One of my friends gave up music for Holy Week. After the Easter Vigil, she said, excitedly, she was going to turn on the radio. My parish did something similar throughout the Lenten season, singing sparingly throughout liturgies before pulling out all the stops on Saturday night.

Sunday night, with my brother on piano and me on guitar, we had a singalong with Gen and my sister, celebrating the joy of the family reunited in one place, which happens less and less frequently as we grow older. The sense of unity and celebration and breathing fresh life into a normally quiet house seemed quite Easterly.

The PS 22 Chorus from New York City has shot to stardom, including a performance on this year’s Grammy Awards. Their spirit and clear love of what they’re doing shines through, whether in front of an audience of millions or in their own classroom.

So take some time this Easter to sing a new song unto the Lord, enlivened by the joy of the risen Christ. If God gave you a great voice, sing loudly to thank him for that voice. If he gave you a crummy voice, sing even louder to get even!

What are your favorite memories of singing? Belt ‘em out in the comments section (to the tune of a popular song, please).

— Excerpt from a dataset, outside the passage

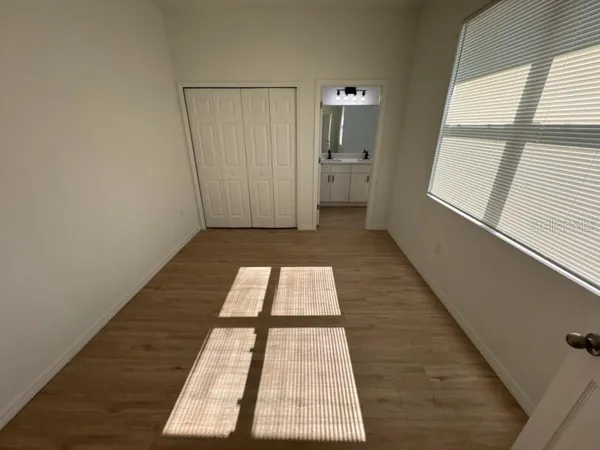 a view of hallway with windows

50 Days of Easter > 40 Days of Lent: Introducing an Easter Project

Happy Easter, everyone! We hope the day was a blessed one for you and yours. Gen came up with a spiffy idea for the Easter season here at MC, and this post will serve as a quick introduction.

Generally speaking, we Catholics do Lent really well. Parish offerings shoot through the roof; Masses are packed on Ash Wednesday and Palm Sunday; we give up things and maybe spend some more time praying and perhaps even set aside some money for a worthy cause. All good and worthwhile things. Easter comes, we celebrate with a bang, but then it’s officially “almost summer” (especially this year, with such a late holiday) and things start to wind down.

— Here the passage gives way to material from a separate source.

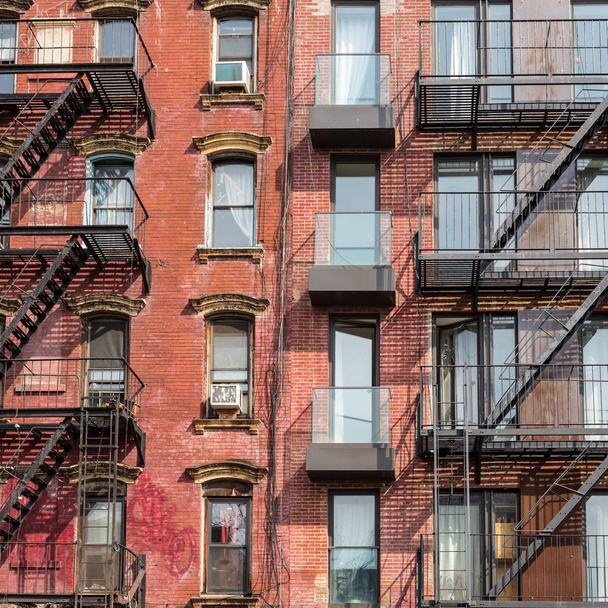 A fire escape of an apartment building in New York city - Zdjęcie, obraz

It feels like we can be more of a Lenten People than an Easter People. But the commitments and renewals of Lent only make sense in an Easter context. We don’t fast for the sake of fasting, but only that we might be ready to feast well when the time comes.

For the next 50 days, it’s time for feasting. It’s time to celebrate our beliefs that love is more powerful than hate and fear, that life conquers death, that light shatters the darkness, that God is big and compassionate and just and generous and merciful beyond all understanding.

As my pastor Fr. Vince said at our Easter Vigil, the world may be in Good Friday, but we are an Easter People. This does not mean we are cockeyed, pollyannaish optimists, but that we are called to live a deep-seated hope in the slow work of God even in moments of grief and struggle.

So each day this week, the wonderful Octave of Easter, we’ll post something short — a song, a prayer, a reflection, a film clip, an article, whatever — that somehow expresses the Easter mysteries of resurrection and fresh life. We’ll then keep the same idea going for each Sunday of Easter. This is quite a commitment for two inconsistent bloggers, but this is the season to put your money where your mouth is. Maybe we’ll one day start asking each other, “What are you doing for Easter?” the way we now ask about Lent.

Please join us in this undertaking! Leave some of your favorite Easter snippets in the comments section, or shoot us an e-mail.

To kick things off, here’s one of my favorite poems: “Descending Theology: The Resurrection,” from Mary Karr’s collection Sinners Welcome. A fantastic poet and memoirst, Karr is an adult convert to Catholicism. Her journey to faith is described in a short, stirring essay in Sinners Welcome. Check it out.

//

From the far star points of his pinned extremities,

cold inched in—black ice and blood ink—

till the hung flesh was empty. Lonely in that void

even for pain, he missed his splintered feet,

the human stare buried in his face.

He ached for two hands made of meat

he could reach to the end of.

In the corpse’s core, the stone fist of his heart

began to bang on the stiff chest’s door,

and breath spilled back into that battered shape. Now

it’s your limbs he long to flow into—

from the sunflower center in your chest

outward—as warm water

shatters at birth, rivering every way.